> **Problem details**
Exactly the lines below from the one with "SpringMVC执行步骤和使用Model的示例分析" up to and including the one with "Rooms in owner-occupied" make up the answer, with nothing else added.

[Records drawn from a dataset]
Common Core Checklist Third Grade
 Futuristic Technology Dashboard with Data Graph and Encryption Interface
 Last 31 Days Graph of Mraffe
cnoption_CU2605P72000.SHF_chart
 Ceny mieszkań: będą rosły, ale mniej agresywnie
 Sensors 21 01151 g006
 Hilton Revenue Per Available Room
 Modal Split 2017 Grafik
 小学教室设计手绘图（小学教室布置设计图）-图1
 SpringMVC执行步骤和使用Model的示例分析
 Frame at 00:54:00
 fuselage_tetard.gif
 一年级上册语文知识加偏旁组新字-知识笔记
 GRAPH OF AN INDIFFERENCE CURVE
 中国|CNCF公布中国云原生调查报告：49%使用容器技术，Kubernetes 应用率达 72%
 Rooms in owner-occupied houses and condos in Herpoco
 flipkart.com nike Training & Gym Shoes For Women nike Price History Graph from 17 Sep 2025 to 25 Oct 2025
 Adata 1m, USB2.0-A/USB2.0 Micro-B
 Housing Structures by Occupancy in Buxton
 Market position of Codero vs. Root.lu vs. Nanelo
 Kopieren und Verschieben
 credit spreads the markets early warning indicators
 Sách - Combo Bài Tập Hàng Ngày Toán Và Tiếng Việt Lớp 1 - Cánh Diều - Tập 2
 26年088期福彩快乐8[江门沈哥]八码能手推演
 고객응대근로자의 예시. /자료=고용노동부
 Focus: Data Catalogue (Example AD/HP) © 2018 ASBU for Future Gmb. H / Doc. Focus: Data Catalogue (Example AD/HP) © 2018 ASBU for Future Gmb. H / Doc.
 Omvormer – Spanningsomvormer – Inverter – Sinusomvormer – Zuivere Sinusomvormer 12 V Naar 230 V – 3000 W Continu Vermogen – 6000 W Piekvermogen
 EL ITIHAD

> **Reply**
 SpringMVC执行步骤和使用Model的示例分析
 Frame at 00:54:00
 fuselage_tetard.gif
 一年级上册语文知识加偏旁组新字-知识笔记
 GRAPH OF AN INDIFFERENCE CURVE
 中国|CNCF公布中国云原生调查报告：49%使用容器技术，Kubernetes 应用率达 72%
 Rooms in owner-occupied houses and condos in Herpoco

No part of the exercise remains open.